I need solve this equation [A +  B  +  x^(a)  (C - D x^(b) ]=0,

A,B,C,D,a and b are constants.

I need analytical expression for the x in terms of A,B,C,D and a,b,

I was wondering is this can be done using Mathematica? if so how would i do that? I hope to hearing from you soon.

Many thanks,
Kash.

Hi, Kash,

You have here two problems.

1. Your equation has no exact analytical solution, independent of using Mathematica or using only a pen.

2. You made errors in Mathematica syntax.

1. The first problem one can address as follows.

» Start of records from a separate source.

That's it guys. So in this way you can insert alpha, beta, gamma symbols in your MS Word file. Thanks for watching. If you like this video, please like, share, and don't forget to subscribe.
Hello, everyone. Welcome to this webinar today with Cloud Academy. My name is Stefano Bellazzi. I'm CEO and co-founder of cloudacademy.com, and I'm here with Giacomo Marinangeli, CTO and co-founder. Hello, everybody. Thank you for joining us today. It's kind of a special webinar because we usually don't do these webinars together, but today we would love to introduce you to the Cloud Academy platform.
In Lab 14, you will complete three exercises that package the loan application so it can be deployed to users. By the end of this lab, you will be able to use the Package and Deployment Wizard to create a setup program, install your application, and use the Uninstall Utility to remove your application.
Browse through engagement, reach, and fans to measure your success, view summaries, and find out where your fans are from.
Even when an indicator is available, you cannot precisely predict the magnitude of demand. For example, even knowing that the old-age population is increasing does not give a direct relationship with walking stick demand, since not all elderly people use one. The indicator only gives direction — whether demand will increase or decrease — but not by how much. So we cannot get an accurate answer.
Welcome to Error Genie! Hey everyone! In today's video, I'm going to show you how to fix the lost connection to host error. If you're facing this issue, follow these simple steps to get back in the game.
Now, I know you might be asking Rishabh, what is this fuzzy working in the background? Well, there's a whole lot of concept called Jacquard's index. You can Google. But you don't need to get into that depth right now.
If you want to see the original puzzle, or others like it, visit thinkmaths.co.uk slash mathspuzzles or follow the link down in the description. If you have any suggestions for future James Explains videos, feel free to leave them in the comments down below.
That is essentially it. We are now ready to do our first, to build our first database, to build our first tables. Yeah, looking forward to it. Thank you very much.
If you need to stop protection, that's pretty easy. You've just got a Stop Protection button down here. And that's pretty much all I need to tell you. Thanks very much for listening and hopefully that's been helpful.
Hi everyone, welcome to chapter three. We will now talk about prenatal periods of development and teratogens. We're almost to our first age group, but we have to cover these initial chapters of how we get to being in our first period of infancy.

After correction of errors, I guess the original equation looks like the following:

eq = x^a* (c - D x^b) == F (*F=-A-B*)

x^a (c - D x^b) == F

Now I make its transformations to simplify it. I do it step-by-step by intention, so that you can follow them more easily:

Step1: substitution x -> y^(1/a):

eq2 = Simplify[eq /. x -> y^(1/a), {a > 0, b > 0}] // PowerExpand

y (c - D y^(b/a)) == F

Step 2: Introduction of a new parameter, k, rescaling the variable:

eq3 = Map[Times[1/(c*k), #] &, eq2] /. y -> k*z // Expand

z - (D z (k z)^(b/a))/c == F/(c k)

Step3: k is chosen such that it engulfs one of the variables:

eq4 = eq3 /. k -> c^(a/b)/D^(a/b) // PowerExpand

z - z^(1 + b/a) == c^(-1 - a/b) D^(a/b) F

Step 4: the final change of variables is made to simplify the form of equation:

eq5 = eq4 /. {b -> alfa*a, F -> beta/(c^(-1 - 1/alfa) D^(1/alfa))}

z - z^(1 + alfa) == beta

The last equation in terms of the unknown z is the one that you may try to somehow solve. It has only two control parameters: alfa and beta. I do not see any way to make it easier.

Now, if you have some numeric values of alfa and beta you could solve it numerically.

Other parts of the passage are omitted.